Apr 18, 2004 Employment Discrimination

Second Circuit Finds Declining Boss’s Advances Does Not Constitute Actionable Sexual Harassment

On April 6, 2004, the United States Court of Appeals for the Second Circuit in New York affirmed summary judgment in favor of Costco Wholesale Corporation (“Costco”), dismissing the claims of a bakery worker, Jessica Mormol, who alleged that she was sexually harassed by her department manager. Mormol v. Costco Wholesale Corp., No. 03-7409, 2004 WL 728222 (2d Cir. Apr. 6, 2004 ). The Mormol decision is significant because it found that a supervisor’s sexual advances did not rise to the level of a hostile work environment under Title VII where the advances were rejected by the employee, unaccompanied by reprisal against the employee, and properly addressed by the employer in response to the employee’s internal complaint.

Costco is an international chain of membership warehouse stores. Jessica Mormol worked at one of the New York warehouses as a part-time employee in the Bakery Department under the supervision of department manager John Ziermann. Mormol alleged that on December 27, 1999, she requested a vacation. In response, Ziermann told her that he would not approve a vacation request unless she had sex with him. Ziermann also told Mormol that if she had sex with him, he would punch her time card so that she would be paid for time not worked. Mormol refused and took a month-long unpaid vacation. During her vacation, she received a threatening voicemail message from Ziermann instructing her to return to work earlier than expected and that her failure to do so could lead her to lose her job or be transferred to another department. Mormol cut her vacation short. On January 22, 2000, her first day back at work, Ziermann handed her a note saying that if Mormol would have sex with him, he would give her money, put her on the payroll as a full-time employee but permit her to work part-time, and would take her on vacations and to a fitness club. Mormol again declined Ziermann’s proposition. Thereafter, Ziermann reduced her workdays for the coming week from seven to three. The next day, Ziermann issued an “employee corrective consultation” to Mormol for returning five minutes late from a break. On January 24, 2000, Mormol reported Ziermann’s conduct to Costco’s Assistant General Manager and then to the General Manager. Costco immediately initiated an investigation, suspended Ziermann from working on his next scheduled workday, January 26, 2000, and fired him the following week.

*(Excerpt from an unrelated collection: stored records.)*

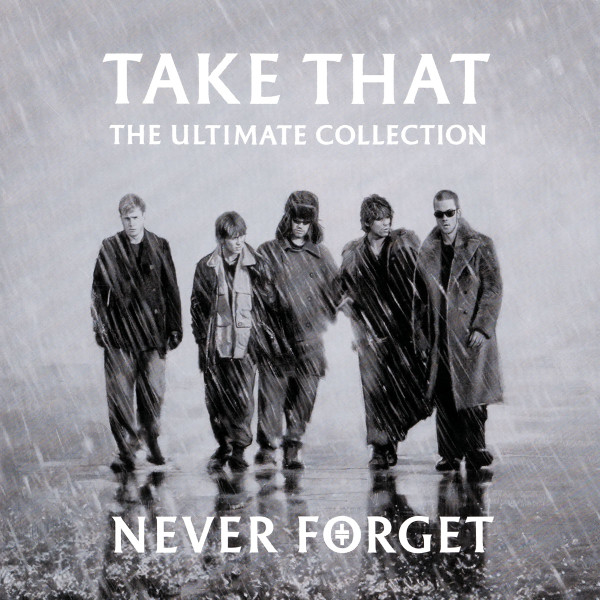 CD Take That - Never Forget: The Ultimate Collection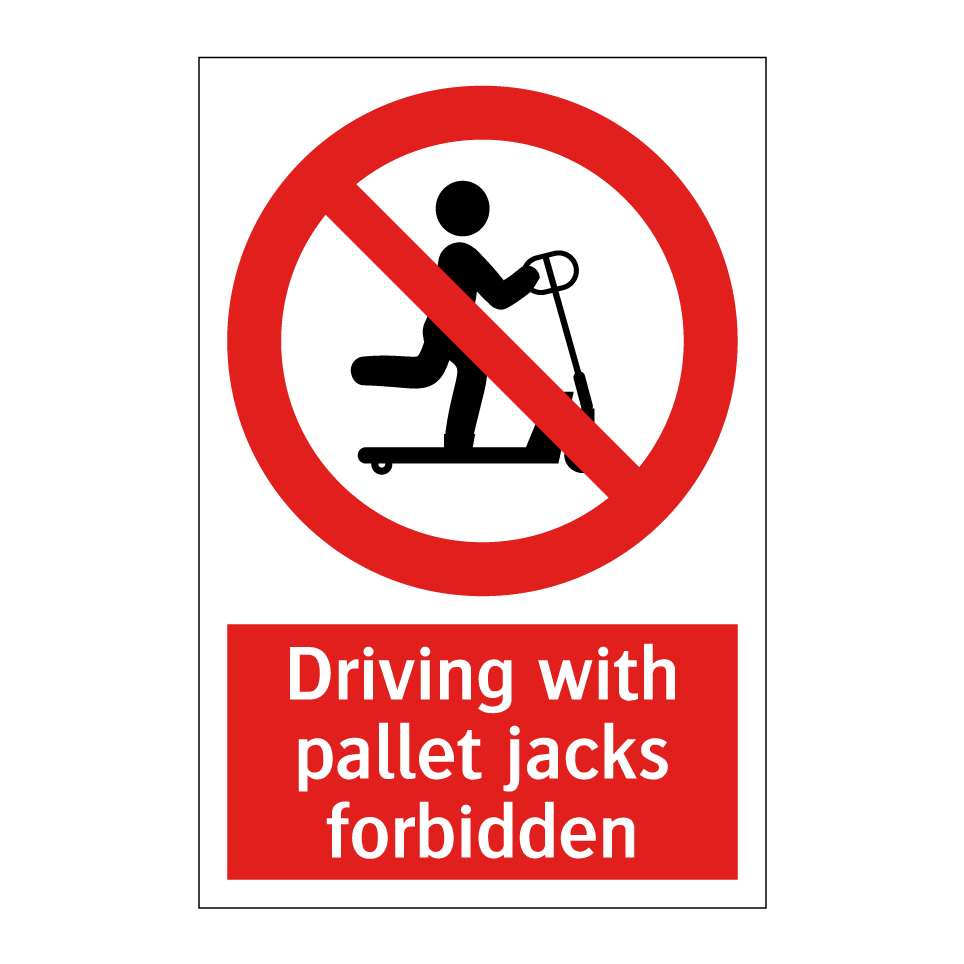 Driving with pallet jacks forbidden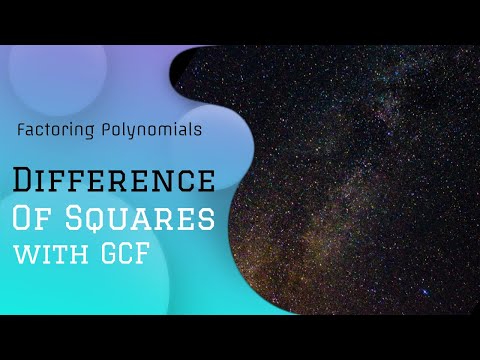 Factoring Binomials - Difference of Squares with GCF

Mormol brought suit alleging violations of Title VII and the New York State Human Rights law for sexual harassment based on quid pro quo and hostile work environment theories. In granting summary judgment to Costco, the district court concluded that Mormol did not suffer any “tangible employment action” because she experienced no change in her terms of employment as a result of the alleged harassment and noting that, notwithstanding her claims of reduced workdays, Mormol had not alleged that she actually lost any wages.

Affirming summary judgment in favor of Costco, the Second Circuit agreed that Mormol failed to establish quid pro quo harassment because she did not demonstrate a tangible employment action in the form of a “significant change in employment status.” Mormol, 2004 WL 728222, at * 3 (citing Burlington Industries, Inc. v. Ellerth, 524 U.S. 742, 753 (1998)). The Court of Appeals also found that Costco did not alter the terms and conditions of Mormol’s employment by causing her to be subjected to a hostile work environment. The Court noted that conduct of a sexual nature only creates an actionable hostile work environment if a “reasonable person would have found it to be so and if the plaintiff subjectively so perceived it.” Id . , at * 4 (citing Brennan v. Metropolitan Opera Ass’n, 192 F.3d 310 (2d Cir. 1999). Mormol’s allegations of two communications with Ziermann on December 27, 1999, and January 22, 2000, even when coupled with the “corrective consultation” she received, were not “sufficiently severe to overcome [the] lack of pervasiveness.” Id . at 5. As such, Mormol failed to set forth facts establishing any type of actionable harassment.

While this decision is notable because the Court determined that a supervisor’s multiple highly inappropriate sexual advances did not amount to actionable harassment, it should not be read to suggest that actions like those of Costco’s department manager will ordinarily be tolerated by the courts. To the contrary, the decision should be viewed as the latest reminder to employers of the importance of maintaining comprehensive harassment-free workplace policies, training employees and managers on the content of those policies, and responding promptly and decisively to complaints of inappropriate workplace conduct.